From Sam Miller at ESPN.com on September 5, 2018:

It is true that almost all baseball games begin the same way. At 12:05 p.m. ET on Aug. 1, for instance, Tommy Milone threw the first major league pitch of August, and if I told you to imagine a first pitch of a game, you’d get this one exactly right: a fastball, firm and four seams, right down the middle, taken for a strike. The next first pitch — in the Bronx, one hour later — was only a little different, a Sonny Gray two-seamer, low for a ball. Then in Detroit, a Mike Fiers four-seamer on the inner half for a called strike. Speed through the next five days, and the first 64 games of August all began with first-pitch fastballs, before Mike Leake opened his Aug. 5 start with a changeup.

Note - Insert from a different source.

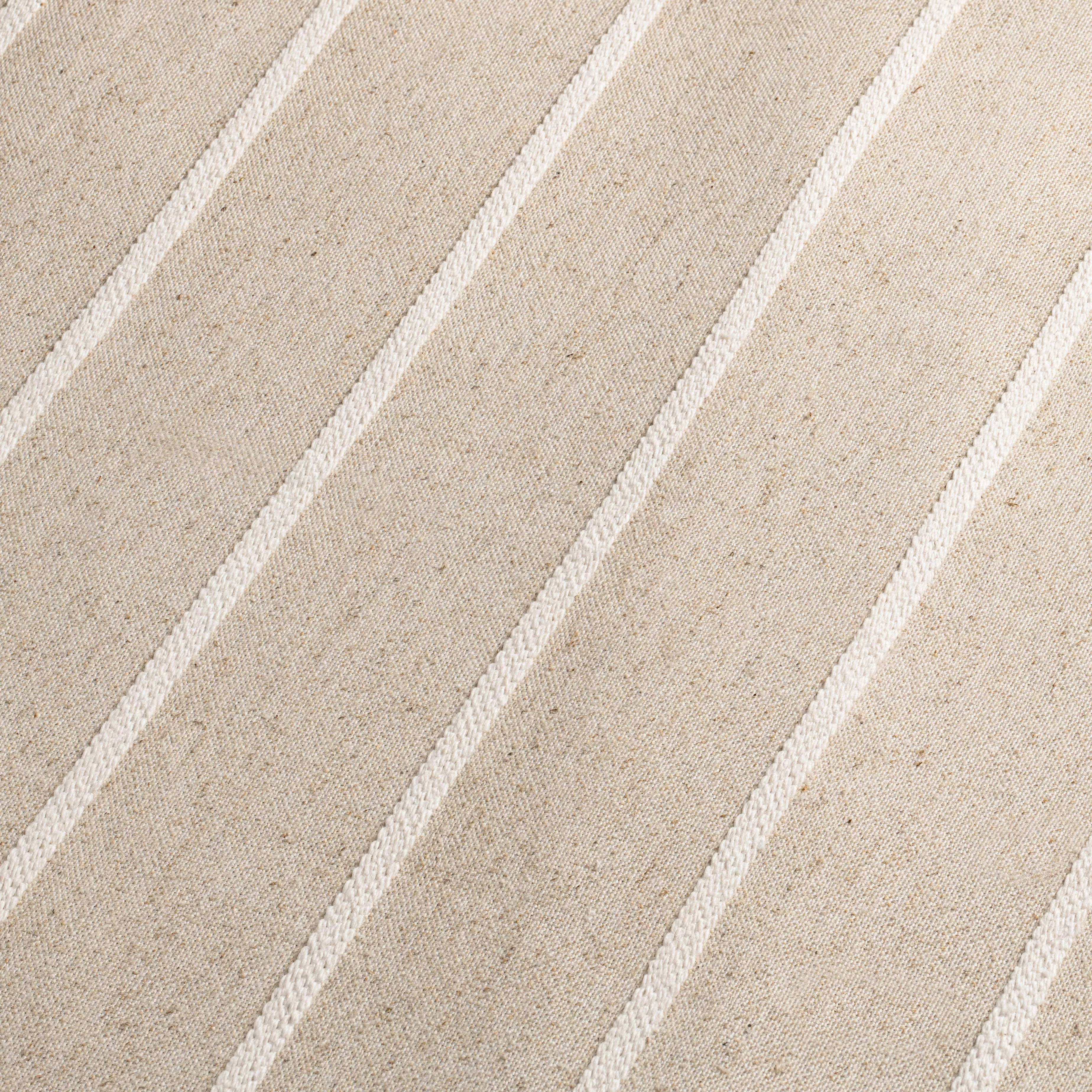 DH Striped Darwinia Tablecloth - Image 4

There have been just over 2,000 games played this season, and only 59 of them — through Friday — began with anything other than a fastball in the top of the first. First-pitch non-fastballs to start the bottom half of the first inning turn out to be just as rare, so we’ll henceforth lump both pitches together so we can get a more robust sample: More than 4,000 first pitches this season, of which only 106 were anything but fastballs. Approximately 2.5 percent. That’s so few! There are more non-fastballs thrown on 3-0 — approximately 4 percent — than there are to start starts, which makes the first pitch of the game arguably the single most predictable moment that exists in baseball.